For example, the first header (e.g., a first PMOS transistor) can receive the first supply voltage (VDD) at one source/drain terminal of the first PMOS transistor and selectively provide the memory controller 105 with a virtual supply voltage (sometimes referred to as “VDDHD”) through the other source/drain terminal of the first PMOS transistor based on a signal fed into a gate terminal of the first PMOS transistor; and the second header (e.g., a second PMOS transistor) can receive the second supply voltage (VDDM) at one source/drain terminal of the second PMOS transistor and selectively provide the memory array 120 with another virtual supply voltage (sometimes referred to as “VDDAI”) through the other source/drain terminal of the second PMOS transistor based on a signal fed into a gate terminal of the second PMOS transistor.

In various embodiments of the present disclosure, the memory device 100, as disclosed herein, can be formed on both sides of a substrate. For example, the memory array 120 and the memory controller 105 of the memory device 100 can be formed as multiple transistors on a frontside of the substrate. On the frontside, a number of frontside metallization layers, each of which includes multiple frontside metal tracks, can be formed; and on a backside of the substrate, a number of backside metallization layers, each of which includes multiple backside metal tracks, can be formed. In general, the frontside metallization layers are referred to as M0 layer, M1 layer, M2 layer, M3 layer, M4 layer, and so on (in the order from the substrate to the topmost frontside metallization layer), and the backside metallization layers are referred to as BM0 layer, BM1 layer, BM2 layer, and so on (in the order from the substrate to the topmost backside metallization layer).

To maximize the routing flexibility for the frontside metal tracks and/or reduce capacitance coupling between the frontside metal tracks, some of the frontside metal tracks configured to carry the supply voltage or the ground voltage can be partially or fully removed from the frontside, and relocated to the backside. In one non-limiting example, the frontside metal tracks, configured to carry the second supply voltage VDDM, can be relocated from the M2 layer to the BM1 and/or BM2 layer. In another non-limiting example, the frontside metal tracks, configured to carry the virtual supply voltage VDDAI, can be relocated from the M2 layer to the BM1 and/or BM2 layer. In yet another non-limiting example, the frontside metal tracks, configured to carry the ground voltage VSS, the second supply voltage VDDM, and the virtual supply voltage VDDAI, can all be relocated from the M2 layer to the BM1 and/or BM2 layer.
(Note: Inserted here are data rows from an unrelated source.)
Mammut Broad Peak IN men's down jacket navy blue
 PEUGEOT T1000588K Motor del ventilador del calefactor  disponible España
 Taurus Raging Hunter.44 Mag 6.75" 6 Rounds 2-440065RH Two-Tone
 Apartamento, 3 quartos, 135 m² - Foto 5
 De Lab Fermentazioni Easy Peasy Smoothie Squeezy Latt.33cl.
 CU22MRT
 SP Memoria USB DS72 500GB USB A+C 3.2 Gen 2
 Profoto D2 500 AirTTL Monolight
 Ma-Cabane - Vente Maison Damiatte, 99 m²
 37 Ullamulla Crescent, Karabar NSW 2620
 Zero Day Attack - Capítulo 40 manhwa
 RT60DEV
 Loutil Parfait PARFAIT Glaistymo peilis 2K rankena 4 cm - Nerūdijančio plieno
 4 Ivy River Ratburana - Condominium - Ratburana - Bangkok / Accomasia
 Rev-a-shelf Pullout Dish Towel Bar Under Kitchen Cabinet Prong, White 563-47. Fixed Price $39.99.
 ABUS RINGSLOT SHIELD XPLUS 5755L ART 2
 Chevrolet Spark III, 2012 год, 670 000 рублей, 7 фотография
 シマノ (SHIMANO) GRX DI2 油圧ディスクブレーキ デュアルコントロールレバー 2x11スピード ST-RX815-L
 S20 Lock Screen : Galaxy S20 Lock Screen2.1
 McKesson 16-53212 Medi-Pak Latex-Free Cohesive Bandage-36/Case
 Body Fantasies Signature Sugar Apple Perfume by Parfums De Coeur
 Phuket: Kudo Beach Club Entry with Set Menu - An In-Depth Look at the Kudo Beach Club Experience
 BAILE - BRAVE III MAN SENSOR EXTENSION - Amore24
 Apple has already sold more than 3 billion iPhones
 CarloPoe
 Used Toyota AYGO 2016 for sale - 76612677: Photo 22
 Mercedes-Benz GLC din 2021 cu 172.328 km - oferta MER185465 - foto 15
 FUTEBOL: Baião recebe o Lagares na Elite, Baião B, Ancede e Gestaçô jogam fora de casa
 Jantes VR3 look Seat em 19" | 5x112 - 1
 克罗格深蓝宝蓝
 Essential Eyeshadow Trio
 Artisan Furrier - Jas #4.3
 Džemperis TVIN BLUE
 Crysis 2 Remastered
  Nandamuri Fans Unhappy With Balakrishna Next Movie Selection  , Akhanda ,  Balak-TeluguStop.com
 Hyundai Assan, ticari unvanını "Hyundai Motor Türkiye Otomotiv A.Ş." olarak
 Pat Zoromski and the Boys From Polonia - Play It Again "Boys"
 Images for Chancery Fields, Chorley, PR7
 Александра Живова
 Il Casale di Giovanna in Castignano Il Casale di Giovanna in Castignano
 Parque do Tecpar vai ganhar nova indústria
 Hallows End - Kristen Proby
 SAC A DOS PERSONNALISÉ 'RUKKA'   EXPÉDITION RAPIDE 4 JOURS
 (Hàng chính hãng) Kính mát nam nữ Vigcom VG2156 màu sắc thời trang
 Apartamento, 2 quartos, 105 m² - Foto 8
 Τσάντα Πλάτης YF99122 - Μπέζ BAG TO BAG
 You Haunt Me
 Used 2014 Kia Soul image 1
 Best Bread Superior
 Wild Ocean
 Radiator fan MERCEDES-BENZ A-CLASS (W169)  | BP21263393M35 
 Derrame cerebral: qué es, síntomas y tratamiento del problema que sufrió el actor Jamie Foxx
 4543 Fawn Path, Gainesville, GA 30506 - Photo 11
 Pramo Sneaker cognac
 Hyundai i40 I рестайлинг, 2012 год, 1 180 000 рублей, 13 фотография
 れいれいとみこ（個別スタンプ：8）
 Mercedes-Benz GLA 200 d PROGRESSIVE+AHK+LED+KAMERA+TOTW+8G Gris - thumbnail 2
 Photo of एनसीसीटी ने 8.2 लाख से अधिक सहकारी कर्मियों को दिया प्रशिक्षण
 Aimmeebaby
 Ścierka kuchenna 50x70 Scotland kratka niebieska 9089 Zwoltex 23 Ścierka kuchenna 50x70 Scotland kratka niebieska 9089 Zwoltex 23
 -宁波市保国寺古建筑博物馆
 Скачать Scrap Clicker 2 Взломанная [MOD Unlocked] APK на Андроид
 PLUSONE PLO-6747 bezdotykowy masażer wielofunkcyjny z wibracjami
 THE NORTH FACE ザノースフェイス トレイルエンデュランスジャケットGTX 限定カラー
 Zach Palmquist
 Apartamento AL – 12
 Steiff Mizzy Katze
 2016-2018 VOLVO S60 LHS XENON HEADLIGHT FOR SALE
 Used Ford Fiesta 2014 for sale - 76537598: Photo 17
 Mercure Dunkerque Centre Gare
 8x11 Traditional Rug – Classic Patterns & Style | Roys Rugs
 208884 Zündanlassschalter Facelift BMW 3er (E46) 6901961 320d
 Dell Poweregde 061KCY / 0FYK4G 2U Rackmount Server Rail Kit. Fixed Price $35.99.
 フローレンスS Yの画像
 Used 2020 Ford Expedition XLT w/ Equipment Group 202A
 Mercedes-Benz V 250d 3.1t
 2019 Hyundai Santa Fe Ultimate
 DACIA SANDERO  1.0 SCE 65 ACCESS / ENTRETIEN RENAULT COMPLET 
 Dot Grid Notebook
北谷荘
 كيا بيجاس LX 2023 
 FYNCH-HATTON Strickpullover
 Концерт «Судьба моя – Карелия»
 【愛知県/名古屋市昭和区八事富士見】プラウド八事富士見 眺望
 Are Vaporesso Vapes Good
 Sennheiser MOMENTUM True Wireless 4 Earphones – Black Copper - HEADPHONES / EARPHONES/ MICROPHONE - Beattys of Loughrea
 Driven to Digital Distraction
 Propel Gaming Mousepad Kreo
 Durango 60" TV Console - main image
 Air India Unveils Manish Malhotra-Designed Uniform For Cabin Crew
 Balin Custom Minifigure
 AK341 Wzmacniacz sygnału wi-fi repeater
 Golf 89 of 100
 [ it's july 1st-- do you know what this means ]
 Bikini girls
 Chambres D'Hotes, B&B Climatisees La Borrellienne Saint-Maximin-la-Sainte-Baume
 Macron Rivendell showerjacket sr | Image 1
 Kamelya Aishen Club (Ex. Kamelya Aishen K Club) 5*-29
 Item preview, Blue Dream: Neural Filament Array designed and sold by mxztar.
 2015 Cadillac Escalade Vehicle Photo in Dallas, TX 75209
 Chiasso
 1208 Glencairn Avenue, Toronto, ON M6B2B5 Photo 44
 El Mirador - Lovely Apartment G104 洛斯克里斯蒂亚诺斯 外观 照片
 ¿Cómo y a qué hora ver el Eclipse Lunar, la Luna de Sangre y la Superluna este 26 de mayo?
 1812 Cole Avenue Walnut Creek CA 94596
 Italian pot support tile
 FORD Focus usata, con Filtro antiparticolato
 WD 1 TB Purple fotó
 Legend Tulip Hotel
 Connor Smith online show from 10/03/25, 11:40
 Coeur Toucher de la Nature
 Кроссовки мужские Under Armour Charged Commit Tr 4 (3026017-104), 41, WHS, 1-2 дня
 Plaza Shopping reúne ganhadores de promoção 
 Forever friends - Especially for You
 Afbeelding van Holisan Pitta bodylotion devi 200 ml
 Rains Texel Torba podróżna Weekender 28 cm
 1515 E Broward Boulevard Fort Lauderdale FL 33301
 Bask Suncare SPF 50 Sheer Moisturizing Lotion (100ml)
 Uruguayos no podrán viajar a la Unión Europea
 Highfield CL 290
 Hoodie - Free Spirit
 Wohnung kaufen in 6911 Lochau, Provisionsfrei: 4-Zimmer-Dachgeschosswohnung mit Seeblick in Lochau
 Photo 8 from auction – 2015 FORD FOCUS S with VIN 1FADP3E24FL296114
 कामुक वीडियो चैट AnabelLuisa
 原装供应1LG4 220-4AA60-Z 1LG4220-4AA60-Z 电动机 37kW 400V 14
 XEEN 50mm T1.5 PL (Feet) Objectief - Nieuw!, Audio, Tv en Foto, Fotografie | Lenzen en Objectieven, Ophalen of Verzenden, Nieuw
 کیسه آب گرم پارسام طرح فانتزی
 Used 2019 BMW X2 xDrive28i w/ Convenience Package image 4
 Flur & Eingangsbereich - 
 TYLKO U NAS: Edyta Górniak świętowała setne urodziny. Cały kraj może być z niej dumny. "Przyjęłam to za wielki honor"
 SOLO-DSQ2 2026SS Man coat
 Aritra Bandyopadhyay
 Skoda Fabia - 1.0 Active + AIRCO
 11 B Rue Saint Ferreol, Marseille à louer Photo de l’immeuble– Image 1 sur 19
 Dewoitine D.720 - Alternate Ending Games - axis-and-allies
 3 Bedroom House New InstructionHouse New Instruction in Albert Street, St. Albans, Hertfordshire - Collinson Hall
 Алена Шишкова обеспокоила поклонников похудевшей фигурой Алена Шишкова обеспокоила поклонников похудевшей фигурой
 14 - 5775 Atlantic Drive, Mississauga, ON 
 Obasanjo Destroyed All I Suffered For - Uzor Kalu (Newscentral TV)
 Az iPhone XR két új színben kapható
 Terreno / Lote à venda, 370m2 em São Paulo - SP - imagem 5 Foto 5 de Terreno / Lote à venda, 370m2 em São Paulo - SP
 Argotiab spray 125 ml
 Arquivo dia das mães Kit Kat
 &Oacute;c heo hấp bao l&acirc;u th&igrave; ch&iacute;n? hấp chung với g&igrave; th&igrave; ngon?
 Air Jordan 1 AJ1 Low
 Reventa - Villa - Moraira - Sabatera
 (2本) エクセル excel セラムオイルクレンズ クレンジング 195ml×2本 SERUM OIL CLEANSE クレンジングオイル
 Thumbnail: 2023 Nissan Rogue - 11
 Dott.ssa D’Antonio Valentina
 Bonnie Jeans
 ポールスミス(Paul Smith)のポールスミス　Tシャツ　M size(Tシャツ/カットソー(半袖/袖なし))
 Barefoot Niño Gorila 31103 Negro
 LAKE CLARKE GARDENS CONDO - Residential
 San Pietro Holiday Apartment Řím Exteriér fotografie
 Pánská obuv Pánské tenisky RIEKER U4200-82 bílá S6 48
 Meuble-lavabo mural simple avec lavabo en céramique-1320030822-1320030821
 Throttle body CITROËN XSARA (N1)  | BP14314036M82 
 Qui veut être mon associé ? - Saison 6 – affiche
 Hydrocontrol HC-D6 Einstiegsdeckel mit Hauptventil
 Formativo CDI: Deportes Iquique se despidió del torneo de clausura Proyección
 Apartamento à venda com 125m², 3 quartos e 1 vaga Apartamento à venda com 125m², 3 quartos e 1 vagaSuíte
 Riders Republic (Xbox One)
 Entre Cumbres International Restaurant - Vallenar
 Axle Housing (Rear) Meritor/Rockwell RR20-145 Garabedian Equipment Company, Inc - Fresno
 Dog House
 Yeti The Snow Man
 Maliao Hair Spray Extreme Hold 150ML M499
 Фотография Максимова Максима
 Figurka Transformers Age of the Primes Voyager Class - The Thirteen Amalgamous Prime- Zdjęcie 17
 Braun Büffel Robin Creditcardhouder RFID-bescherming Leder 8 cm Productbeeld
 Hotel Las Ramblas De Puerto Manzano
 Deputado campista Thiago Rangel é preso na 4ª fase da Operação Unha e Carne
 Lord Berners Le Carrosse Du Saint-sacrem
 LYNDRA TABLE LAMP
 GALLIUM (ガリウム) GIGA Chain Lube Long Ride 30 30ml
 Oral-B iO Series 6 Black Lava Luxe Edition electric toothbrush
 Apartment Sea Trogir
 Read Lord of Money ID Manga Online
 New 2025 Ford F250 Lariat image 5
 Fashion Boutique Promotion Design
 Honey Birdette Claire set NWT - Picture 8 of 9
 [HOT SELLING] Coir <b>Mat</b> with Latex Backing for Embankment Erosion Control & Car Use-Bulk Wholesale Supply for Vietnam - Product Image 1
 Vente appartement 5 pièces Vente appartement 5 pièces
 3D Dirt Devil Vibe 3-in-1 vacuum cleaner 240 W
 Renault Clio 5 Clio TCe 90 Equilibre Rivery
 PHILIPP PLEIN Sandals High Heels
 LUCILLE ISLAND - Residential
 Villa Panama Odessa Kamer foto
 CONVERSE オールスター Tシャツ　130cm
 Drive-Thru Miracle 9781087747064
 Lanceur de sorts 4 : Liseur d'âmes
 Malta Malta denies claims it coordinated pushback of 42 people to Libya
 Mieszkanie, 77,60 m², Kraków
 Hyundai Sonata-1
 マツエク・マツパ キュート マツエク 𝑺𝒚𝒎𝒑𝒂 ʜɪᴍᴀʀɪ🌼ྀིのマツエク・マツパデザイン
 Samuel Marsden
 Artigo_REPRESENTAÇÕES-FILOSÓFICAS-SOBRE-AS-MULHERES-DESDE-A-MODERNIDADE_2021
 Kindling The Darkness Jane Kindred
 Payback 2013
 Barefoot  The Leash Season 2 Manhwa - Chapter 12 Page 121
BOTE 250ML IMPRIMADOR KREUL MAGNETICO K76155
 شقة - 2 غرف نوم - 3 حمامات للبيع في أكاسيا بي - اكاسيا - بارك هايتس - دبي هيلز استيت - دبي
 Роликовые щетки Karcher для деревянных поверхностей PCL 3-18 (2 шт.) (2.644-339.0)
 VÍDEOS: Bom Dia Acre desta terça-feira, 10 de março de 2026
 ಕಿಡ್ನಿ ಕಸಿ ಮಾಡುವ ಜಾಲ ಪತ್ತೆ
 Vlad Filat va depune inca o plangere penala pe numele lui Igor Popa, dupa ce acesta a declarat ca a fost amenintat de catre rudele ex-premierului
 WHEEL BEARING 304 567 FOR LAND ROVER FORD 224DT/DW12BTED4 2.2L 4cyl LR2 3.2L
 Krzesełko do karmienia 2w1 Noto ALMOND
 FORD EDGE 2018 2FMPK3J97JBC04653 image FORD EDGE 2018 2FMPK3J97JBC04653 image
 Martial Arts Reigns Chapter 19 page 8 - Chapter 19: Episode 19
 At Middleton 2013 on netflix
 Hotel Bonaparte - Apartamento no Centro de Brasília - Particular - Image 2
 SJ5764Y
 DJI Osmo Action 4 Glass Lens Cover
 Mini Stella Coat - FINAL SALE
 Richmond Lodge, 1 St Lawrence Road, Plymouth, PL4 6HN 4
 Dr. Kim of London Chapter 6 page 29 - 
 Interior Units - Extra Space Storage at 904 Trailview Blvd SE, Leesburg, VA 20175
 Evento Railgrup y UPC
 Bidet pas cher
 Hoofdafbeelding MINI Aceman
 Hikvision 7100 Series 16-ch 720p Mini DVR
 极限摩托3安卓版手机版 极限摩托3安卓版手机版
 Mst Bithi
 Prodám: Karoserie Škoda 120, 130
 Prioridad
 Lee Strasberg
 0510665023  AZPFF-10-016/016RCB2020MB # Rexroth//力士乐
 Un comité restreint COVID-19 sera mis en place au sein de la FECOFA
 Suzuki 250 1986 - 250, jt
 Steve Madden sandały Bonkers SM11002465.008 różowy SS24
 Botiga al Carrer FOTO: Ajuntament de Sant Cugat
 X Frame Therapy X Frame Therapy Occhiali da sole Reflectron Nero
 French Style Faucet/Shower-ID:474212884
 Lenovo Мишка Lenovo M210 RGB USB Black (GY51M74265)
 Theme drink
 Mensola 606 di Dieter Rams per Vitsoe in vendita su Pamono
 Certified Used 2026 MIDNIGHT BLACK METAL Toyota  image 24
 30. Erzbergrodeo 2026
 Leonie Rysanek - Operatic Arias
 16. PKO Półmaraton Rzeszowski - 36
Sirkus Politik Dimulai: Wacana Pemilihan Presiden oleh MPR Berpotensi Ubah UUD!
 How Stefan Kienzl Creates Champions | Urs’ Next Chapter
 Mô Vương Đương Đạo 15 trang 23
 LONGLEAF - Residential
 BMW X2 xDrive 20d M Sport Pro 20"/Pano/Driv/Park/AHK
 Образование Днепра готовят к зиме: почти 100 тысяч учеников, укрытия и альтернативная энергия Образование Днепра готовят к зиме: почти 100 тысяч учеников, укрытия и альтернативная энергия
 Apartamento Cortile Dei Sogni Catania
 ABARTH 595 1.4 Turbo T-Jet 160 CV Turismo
Although, in FIG. 1, the memory device 100 is depicted as a part of a dual power rail system (e.g., with supply voltages VDD and VDDM powering the memory controller 105 and the memory array 120, respectively), it should be appreciated that the present disclosure is not limited to a memory device with the dual power rail system. For example, even with a single power rail system (e.g., with a single supply voltage VDD powering both the memory controller and memory array of a memory device), the memory device can include some of the frontside metal tracks, carrying the supply voltage VDD, to be relocated from the M2 layer to the BM1 and/or BM2 layer, while remaining within the scope of the present disclosure.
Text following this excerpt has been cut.